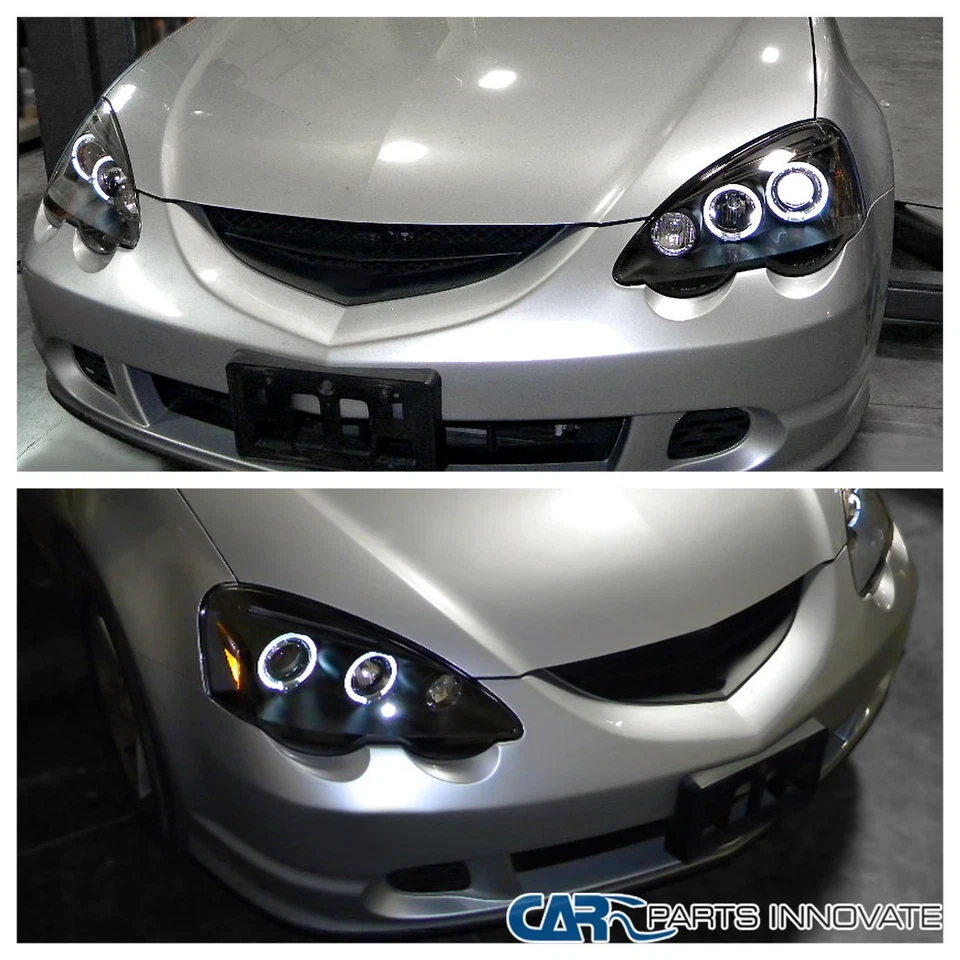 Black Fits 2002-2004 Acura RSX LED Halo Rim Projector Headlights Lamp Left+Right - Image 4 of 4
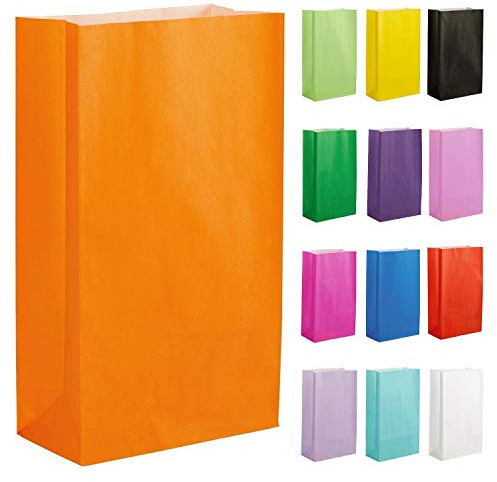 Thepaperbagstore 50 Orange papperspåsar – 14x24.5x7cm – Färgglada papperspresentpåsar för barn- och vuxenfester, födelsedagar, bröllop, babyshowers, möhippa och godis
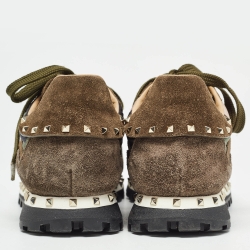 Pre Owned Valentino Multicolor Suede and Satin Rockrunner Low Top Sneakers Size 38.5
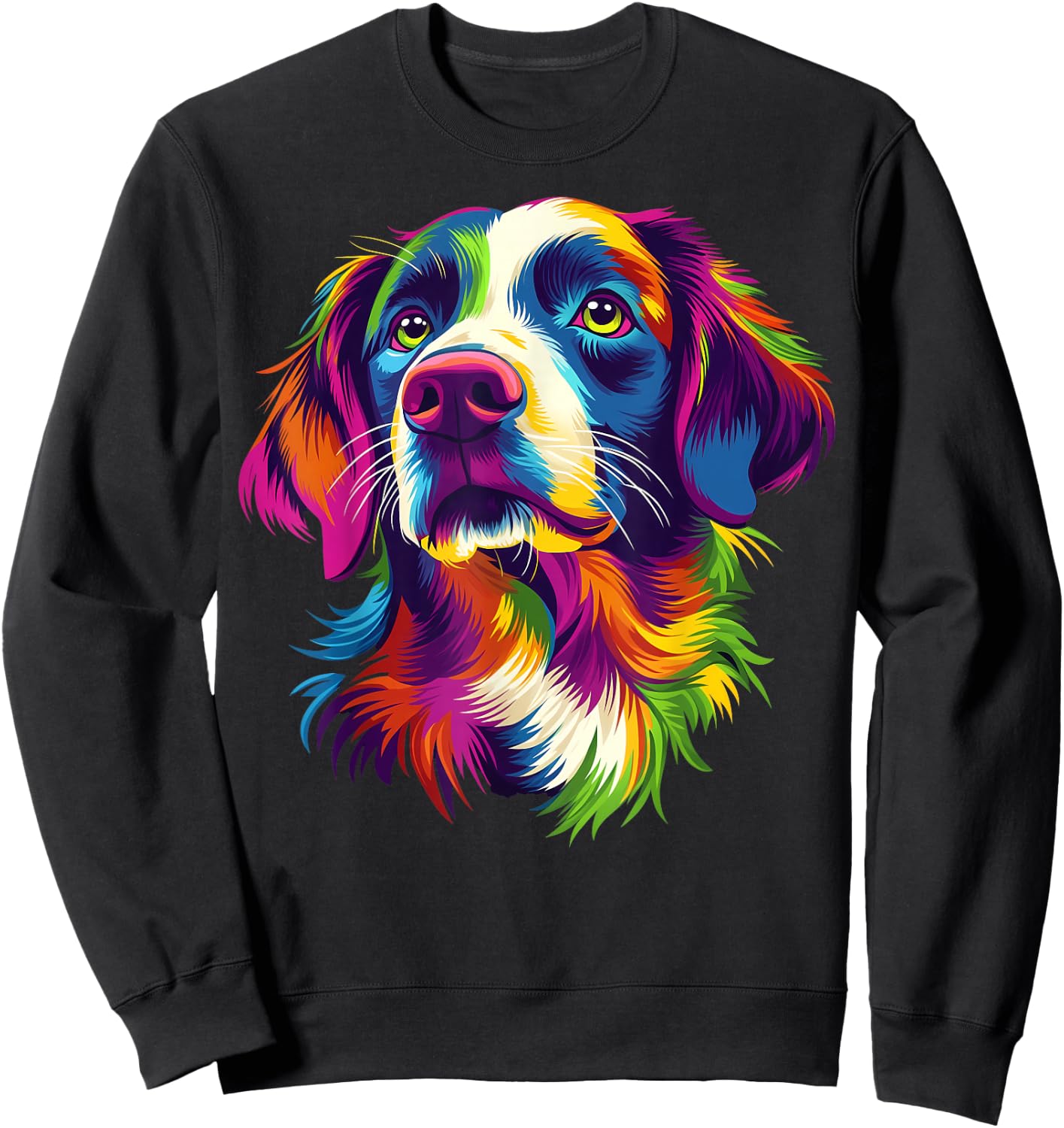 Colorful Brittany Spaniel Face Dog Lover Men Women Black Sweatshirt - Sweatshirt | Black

————

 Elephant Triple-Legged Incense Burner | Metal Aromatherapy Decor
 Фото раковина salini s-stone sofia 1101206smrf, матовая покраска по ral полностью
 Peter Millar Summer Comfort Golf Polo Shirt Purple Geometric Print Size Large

————

Task description:
Word for word, write out the lines above running from the one with "Pre Owned Valentino" up to and including the one with "Colorful Brittany Spaniel". Drop any picture.

Written response:
 Pre Owned Valentino Multicolor Suede and Satin Rockrunner Low Top Sneakers Size 38.5
 Colorful Brittany Spaniel Face Dog Lover Men Women Black Sweatshirt - Sweatshirt | Black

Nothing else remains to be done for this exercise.